Уилсон верно расслышал эту ноту. Он совершенно прав в том, что, говоря о любви, Павел — гораздо больше, чем философ, хотя странно, что превыше философа в иерархии Уилсона оказывается только «первый романтический поэт в истории», как он именует Павла. Но если романтическая поэзия для Уилсона — окно в мир Божьей любви, что ж, пусть Павел будет романтиком. Подобно тому, как в книге Уилсона об Иисусе из груды псевдогипотез можно извлечь несколько весьма существенных идей, так и здесь время от времени случаются проблески света. Если за ними идти, они могут вывести автора из тумана «ощущений и допущений», и тогда он сможет создать куда более цельный, завершенный и убедительный образ Павла. А там — кто знает, что из этого выйдет еще?
Все вышесказанное подводит нас к главнейшему вопросу, на который книга Уилсона, при всех ее претензиях, так и не дает ответа: какая связь между Павлом, Иисусом Христом и возникновением христианства?
От Иисуса к Павлу и дальшеОтвет зависит от того, кем мы считаем Павла, равно как и от наших представлений об Иисусе Христе (я об этом довольно много писал, в частности, в недавней работе Jesus and the Victory of God). Поэтому сначала необходимо решить, что будет отправной точкой наших рассуждений.
Если Иисус и Павел для нас «влиты» в иудаизм I века с его бурными богословскими, политическими течениями и тревожными ожиданиями (в противном случае нам пришлось бы согласиться, что мы крайне мало знаем и о том, и о другом), тогда нам будет нетрудно признать, что ни один их них не проповедовал вневременную религию, этику или «систему спасения». И тот, и другой осознавали себя участниками великого действа, в котором должен исполниться изначальный Божий замысел. Иными словами, оба дышали воздухом эсхатологии.

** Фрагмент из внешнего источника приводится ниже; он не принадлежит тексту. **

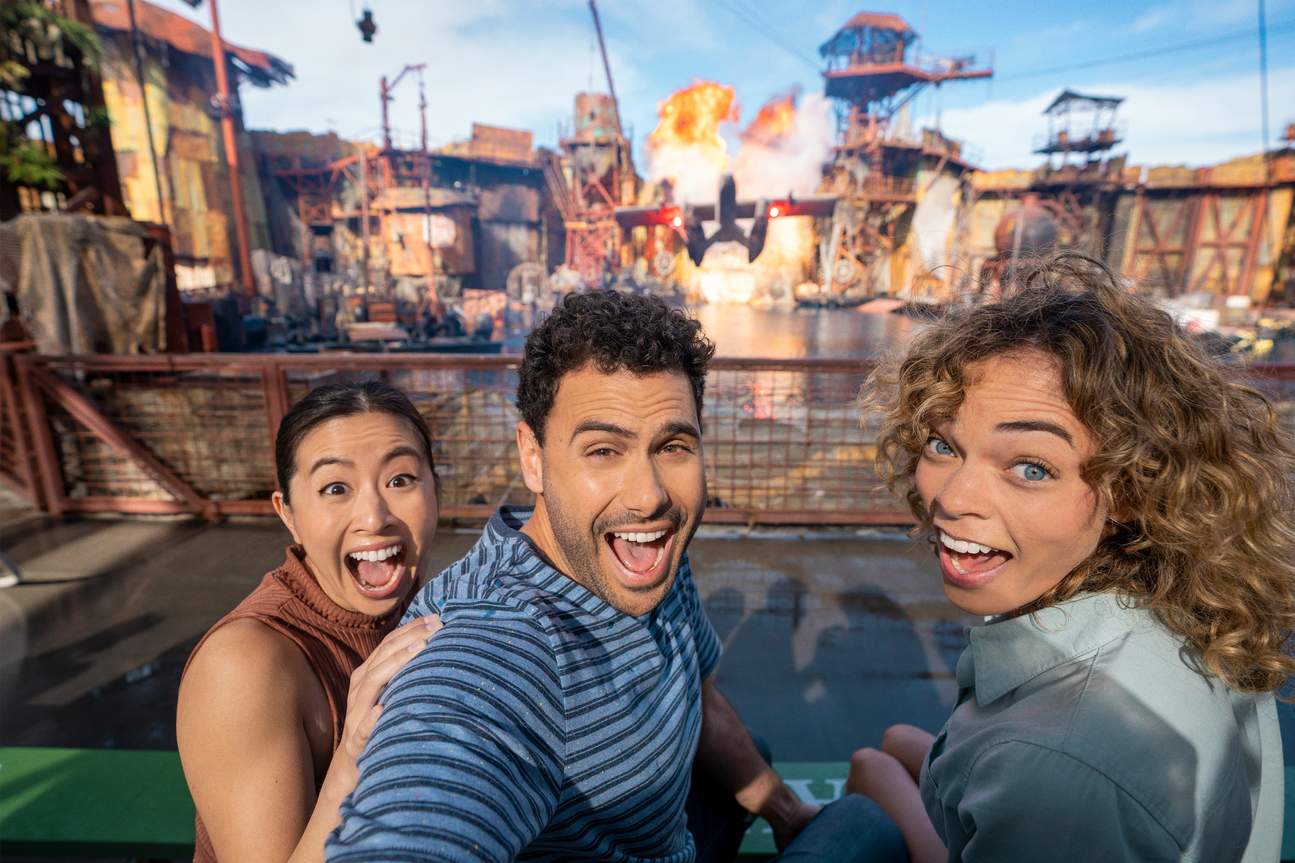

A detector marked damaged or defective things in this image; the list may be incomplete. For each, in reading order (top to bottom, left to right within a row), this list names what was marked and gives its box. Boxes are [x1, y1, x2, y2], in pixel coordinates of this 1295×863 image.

rusty metal railing [0, 344, 1289, 520]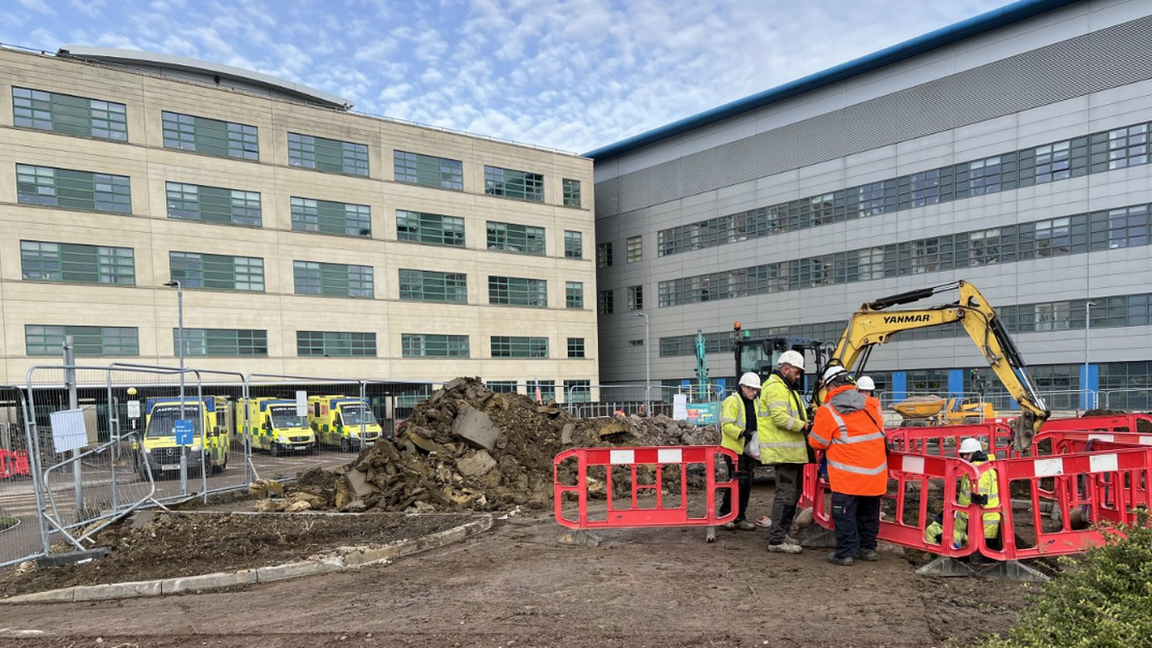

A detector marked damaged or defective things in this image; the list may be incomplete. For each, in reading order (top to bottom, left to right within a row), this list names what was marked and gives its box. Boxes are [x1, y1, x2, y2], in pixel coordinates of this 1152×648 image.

broken concrete slab [449, 403, 499, 449]
broken concrete slab [456, 449, 497, 475]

Следовательно, мы не вправе отделять «главные идеи Павла» от «главных идей Иисуса Христа» и тем более противопоставлять их друг другу. Немыслимо утверждать, будто Иисус учил о покаянии и грядущем Царстве, а Павел — об оправдании верой. А с другой стороны, недостаточно, апеллируя к единству контекста и понятий, доказать (хотя сделать это довольно просто), что они неотделимы друг от друга. Намного важнее увидеть другое обстоятельство: Иисус знал, что призван сыграть в этом великом действе особую роль; совершенно так же понимал свое призвание Павел. Отсюда вопрос: что это были за роли, и какова связь между ними?

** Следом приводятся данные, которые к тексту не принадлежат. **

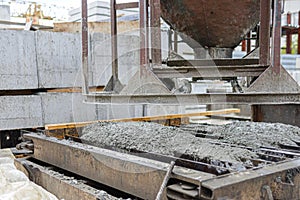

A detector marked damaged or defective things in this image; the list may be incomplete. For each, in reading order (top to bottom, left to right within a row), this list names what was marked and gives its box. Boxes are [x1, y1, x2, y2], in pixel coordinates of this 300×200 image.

rusty metal surface [159, 0, 260, 48]
rusty metal surface [252, 104, 300, 126]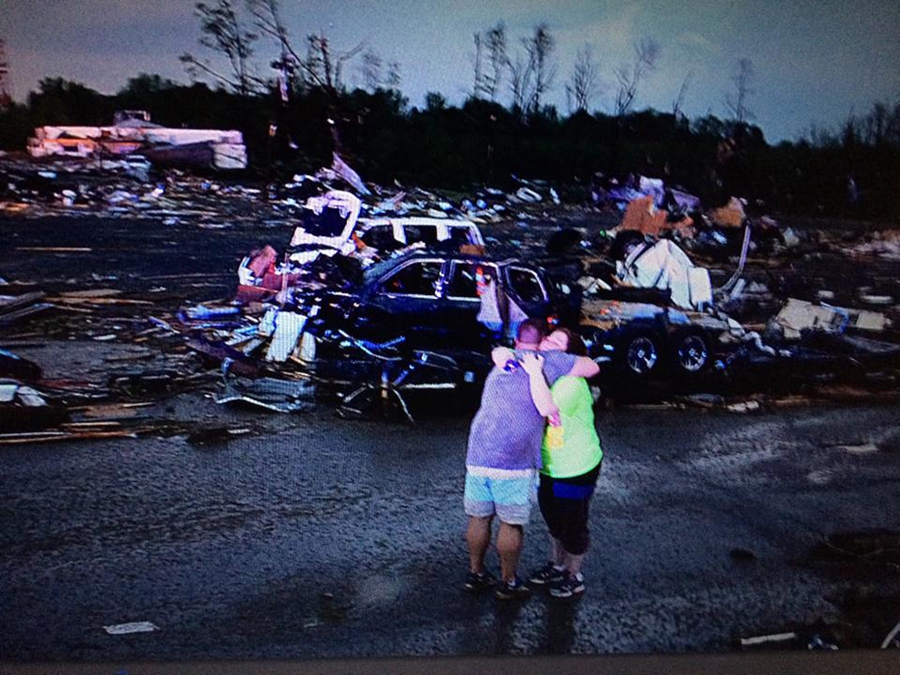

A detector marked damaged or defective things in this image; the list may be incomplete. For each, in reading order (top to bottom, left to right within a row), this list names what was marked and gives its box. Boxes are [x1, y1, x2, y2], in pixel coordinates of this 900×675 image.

shattered car window [378, 258, 442, 296]
shattered car window [448, 262, 502, 298]
shattered car window [506, 266, 548, 304]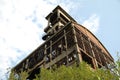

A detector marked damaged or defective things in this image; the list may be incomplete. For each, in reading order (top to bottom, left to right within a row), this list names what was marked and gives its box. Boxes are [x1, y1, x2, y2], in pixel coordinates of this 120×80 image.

Итак, Иисусу предстояло стать Тем, в Ком, по предвечному замыслу, должны исполниться непостижимые Божьи обетования. Он возвещал Израилю о приближении долгожданного Царства, радовался ему вместе со своими учениками, звал их на пир и прощал грехи. Однако это Царство выглядело совсем не так, как воображали себе современники Иисуса из Назарета. Оно не вписывалось в их представления, в частности, не отвечало ожиданиям неумолимых ревнителей о Боге, Торе, земле и Храме, которые возлагали на Израиль неудобоносимые бремена благочестия и ввергали его в войну с Римом. Иисус предупреждал, что такой путь приведет к огромной беде, и если Израиль ее накличет, она будет верным знаком Божьего гнева. Вместо того чтобы стать светом миру, преступивший закон Израиль возомнил себя его судьей. Но судящие сами будут судимы. Взявшие меч, от меча и погибнут. Те, кто превратил Храм в вертеп разбойников, сами повинны в том, что от него не останется камня на камне.